Eisschwund: Das größte Schelfeis der Erde schmilzt stärker als bisher gedacht. Im antarktischen Ross-Schelfeis liegen die Abtauraten nahe der Eisfront gut 20-fach höher als es Satellitenmessungen zuvor nahelegten, wie nun eine Studie enthüllt. Ursache dafür ist nicht warmes Tiefenwasser, sondern ein Einstrom von sonnenerwärmtem Oberflächenwasser aus einem eisfreien Meeresgebiet direkt vor dem Schelfeis, wie die Forscher im Fachmagazin „Nature Geoscience“ berichten.
Die großen Schelfeisflächen sind wichtige Bremser für die großen Eisströme der Antarktis. Wie ein Riegel liegen sie in den Buchten des eisigen Kontinents und verlangsamen so den Fluss der Gletscher ins Meer. Doch diese eisigen Bremsen schwinden. Vom Larsen-C-Schelfeis brach 2018 einer der größten jemals beobachteten Eisberge ab und beim zweitgrößten Schelfeis der Antarktis, dem Filchner-Ronne-Schelfeis, hat warmes Tiefenwasser bereits gewaltige Kanäle in die Eisunterseite geschmolzen.

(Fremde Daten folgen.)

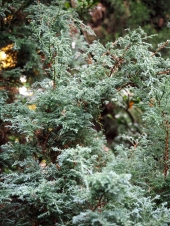 Chamaecyparis pisifera 'Blue Dwarf' 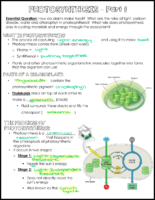 Photosynthesis Notes Key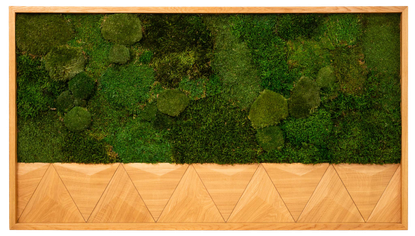 3DMoss Basic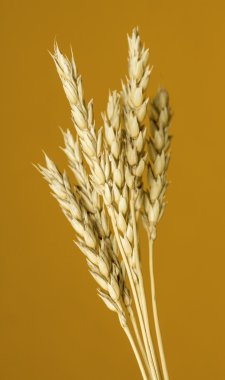 Sarı buğday kulakları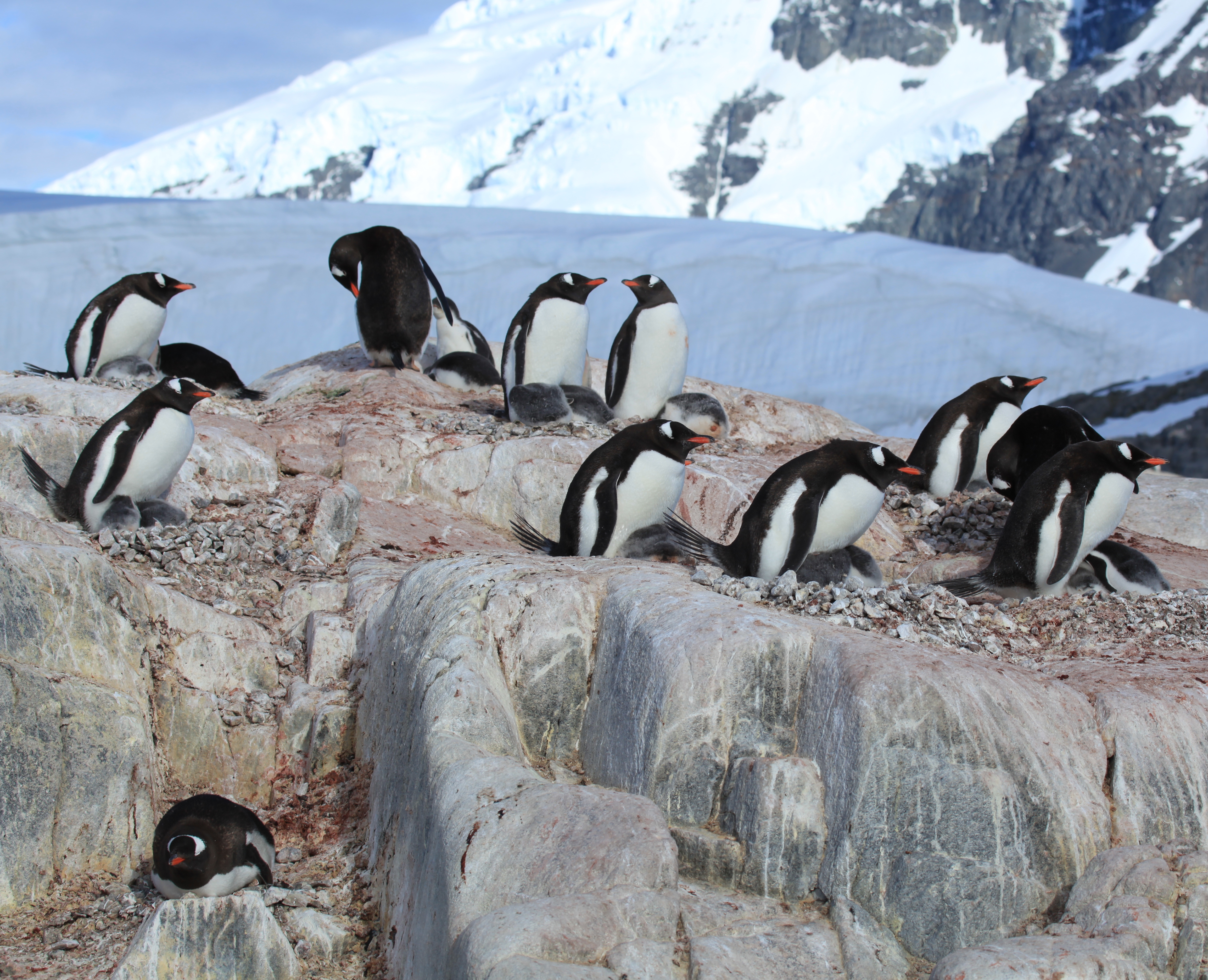 Gentoo Penguins with chicks at Jougla Point, Antarctica (6063640346)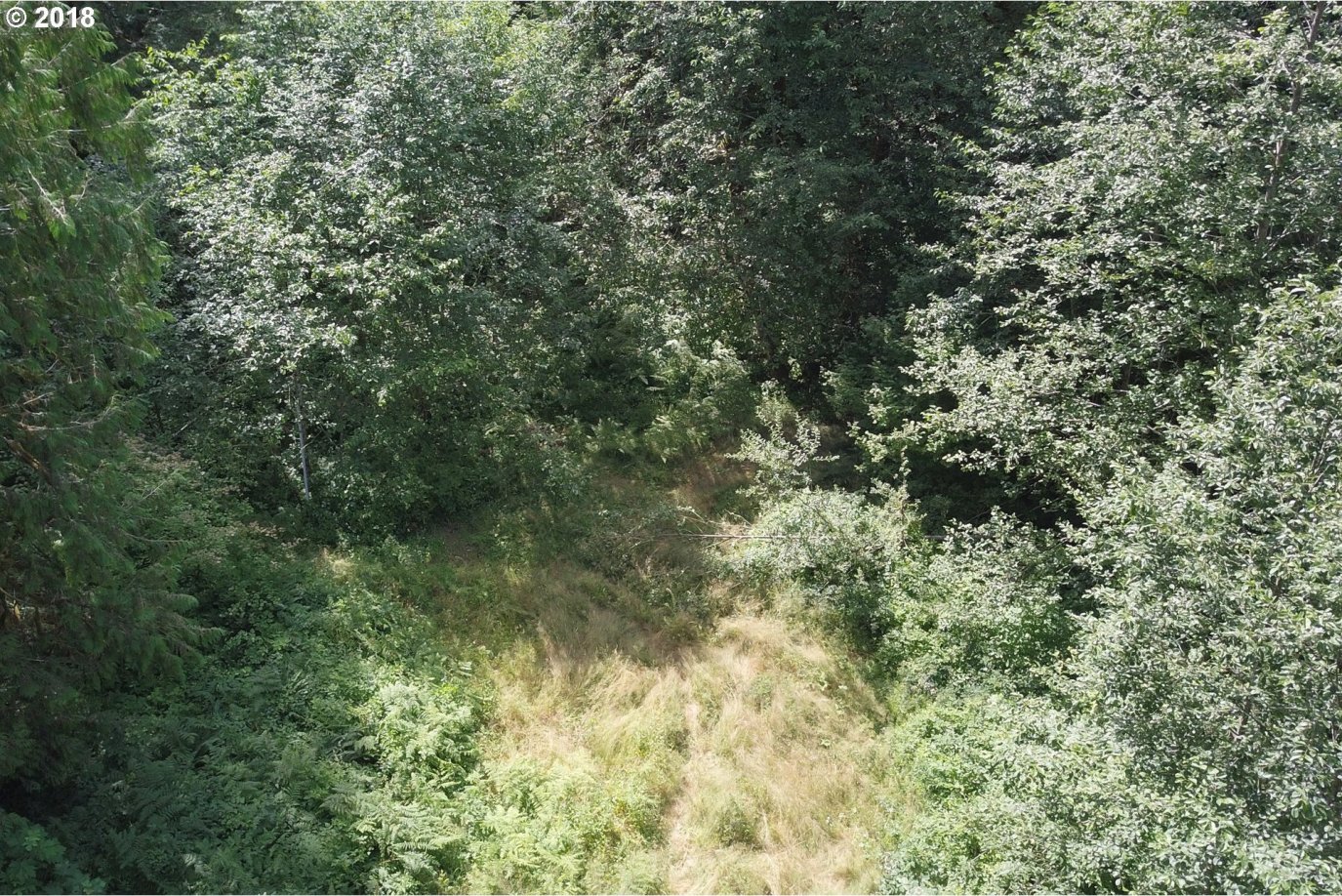 24891 East Arthur Hailey Road Rhododendron, OR 97049 - Photo 10 of 13 Gallery Image 10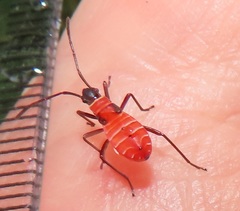Dysdercus nigrofasciatus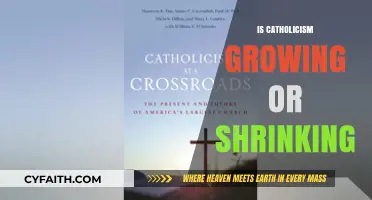 Catholicism's Global Presence: Expanding or Declining in Modern Times?
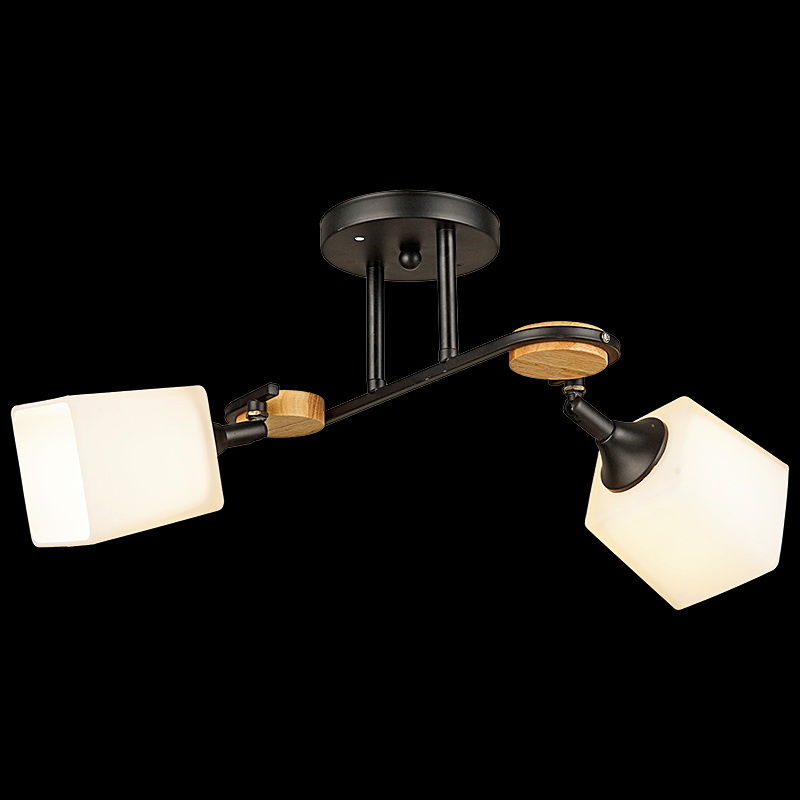 Потолочный светильник Reluce 04217-0.3-02 BK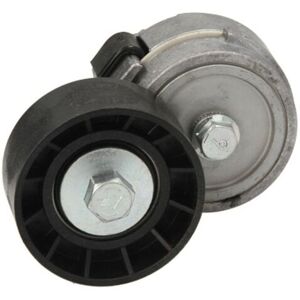 Tendeur de courroie SKF VKM 32027 - Automatique, 66mm, 29mm - Publicité Tendeur de courroie SKF VKM 32027 - Automatique, 66mm, 29mm - Publicité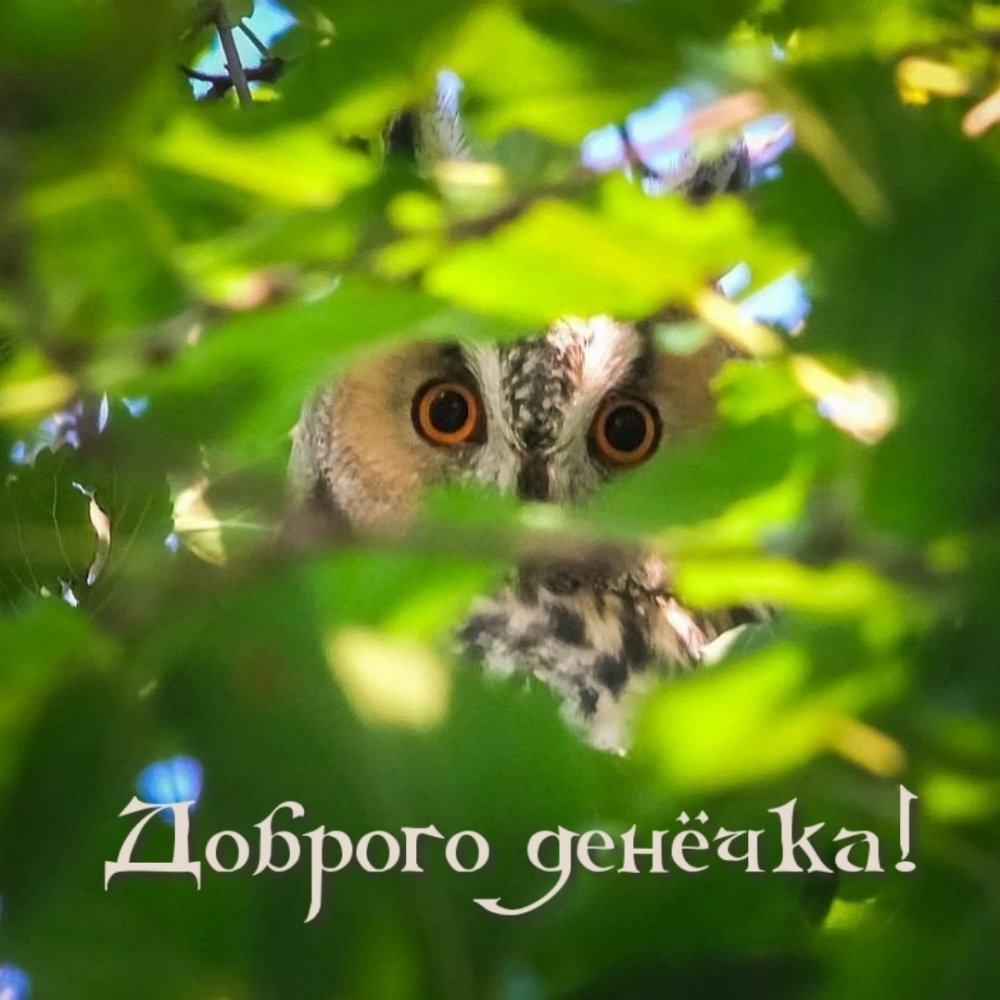 Доброго денёчка!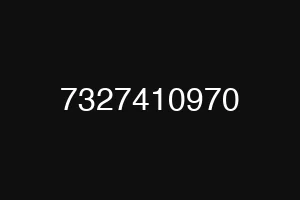 7327410970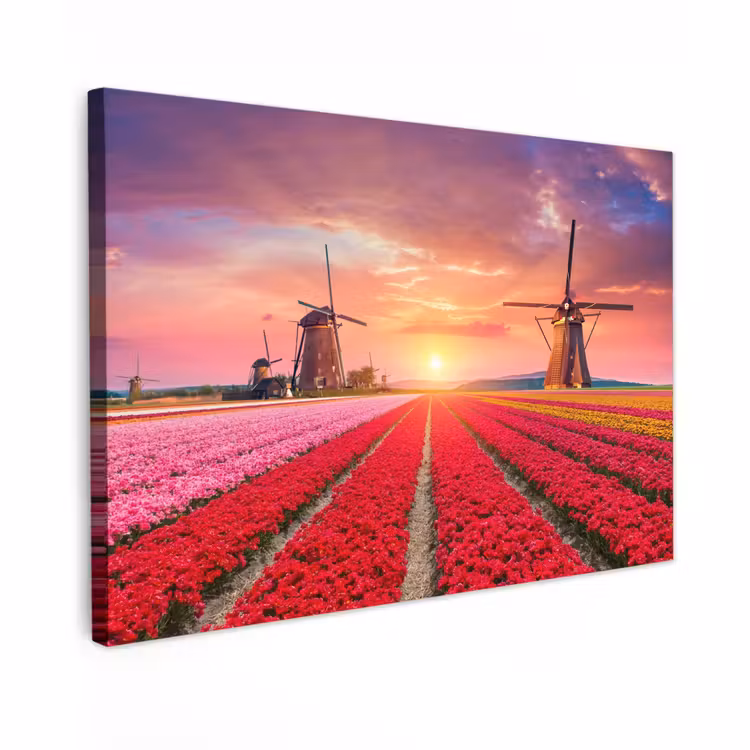 Buiten canvas - Tulpenvelden met windmolens bij zonsondergang — 1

Blick unter das größte Schelfeis der Erde
Als weitgehend stabil galt dagegen bisher das Ross-Eisschelf – mit gut 500.000 Quadratkilometern Fläche macht es 32 Prozent des gesamten antarktischen Schelfeises aus und ist das größte Schelfeis der Erde. „Satellitenaufnahmen deuten auf relativ geringe mittlere Abtautraten von 0,07 bis 0,11 Meter pro Jahr für das gesamte Schelfeis hin“, berichten Craig Stewart vom National Institute of Water and Atmospheric Research in Neuseeland und sein Team.
Doch diese Daten zeigen nur einen Teil der Wahrheit, wie nun neue Messungen enthüllen. Stewart und sein Team hatten für ihre Studie den Nordwesten des Ross-Schelfeises nahe der Ross-Insel ein Jahr lang mithilfe von Radarschlitten und vier Jahre lang mit unter dem Eis am Meeresgrund befestigten Temperatursensoren und Radarinstrumenten überwacht.